[Math] Gradient descent and penalty method

gradient descentnumerical optimizationoptimization

I am seeking a minimum of a function under an inequality constraint. How can I set stop condition? The problem is that $\nabla f_p$ never goes to zero.

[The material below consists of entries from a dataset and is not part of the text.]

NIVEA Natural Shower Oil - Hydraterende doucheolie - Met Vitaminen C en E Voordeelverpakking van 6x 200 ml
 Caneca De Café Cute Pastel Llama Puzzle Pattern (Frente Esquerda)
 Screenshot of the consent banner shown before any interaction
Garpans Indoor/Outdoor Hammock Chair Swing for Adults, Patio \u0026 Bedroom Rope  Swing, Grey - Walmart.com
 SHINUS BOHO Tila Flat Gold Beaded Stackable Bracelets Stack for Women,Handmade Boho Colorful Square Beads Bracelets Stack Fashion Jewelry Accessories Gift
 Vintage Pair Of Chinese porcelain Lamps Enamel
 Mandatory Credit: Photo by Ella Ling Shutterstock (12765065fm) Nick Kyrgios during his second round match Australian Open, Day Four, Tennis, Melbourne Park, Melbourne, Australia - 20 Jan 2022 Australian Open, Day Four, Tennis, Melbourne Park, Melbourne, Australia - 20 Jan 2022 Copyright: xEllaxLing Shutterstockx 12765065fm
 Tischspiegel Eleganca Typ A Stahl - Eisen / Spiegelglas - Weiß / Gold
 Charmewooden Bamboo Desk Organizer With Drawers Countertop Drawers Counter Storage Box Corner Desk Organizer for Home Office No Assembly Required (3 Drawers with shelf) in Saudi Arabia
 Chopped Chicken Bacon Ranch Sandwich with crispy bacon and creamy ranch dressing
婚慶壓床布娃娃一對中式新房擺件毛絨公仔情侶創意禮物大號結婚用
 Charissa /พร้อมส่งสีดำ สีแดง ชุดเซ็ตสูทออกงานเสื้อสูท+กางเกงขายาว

The function:

$$f(x_1, x_2)=\left(x_1 – 1\right)^2 + 2\left(x_2 – 2\right)^2$$

The constraint

$$g(x_1,x_2)=x_1^2 + x_2^2-1\leq 0$$

Objective function (with penalty method):

$$f_p(x_1,x_2)=\left(x_1 – 1\right)^2 + 2\left(x_2 – 2\right)^2+\mu\left(\max\left\{ x_1^2 + x_2^2-1, 0\right\}\right)^2$$

Its gradient (outside valid domain):
$$\nabla f_p=\left(2\left(x_1 -1\right)+4\mu x_1^3\right)\widehat{x_1}
+ \left(4\left(x_2 – 2\right) + 4\mu x_2^3\right) \widehat{x_2}$$

Its gradient (inside valid domain):
$$\nabla f_p=2\left(x_1 -1\right)\widehat{x_1}
+4\left(x_2 – 2\right) \widehat{x_2}$$

It appears that $|\nabla f_p|$ oscillates around a value greater than one so testing $|\nabla f_p|$ does not work, or are the conditional derivatives wrong?

Best Answer

You calculated the gradient wrong (outside valid domain). Check your derivative of the penalty function. The partial derivative of

$$\max(x_1^2+x_2^2-1,0)^2$$

wrt $x_1$ is not

$$4 x_1^3.$$

Rather, it should be

$$4 x_1 (x_1^2+x_2^2-1)$$

(when outside the valid domain).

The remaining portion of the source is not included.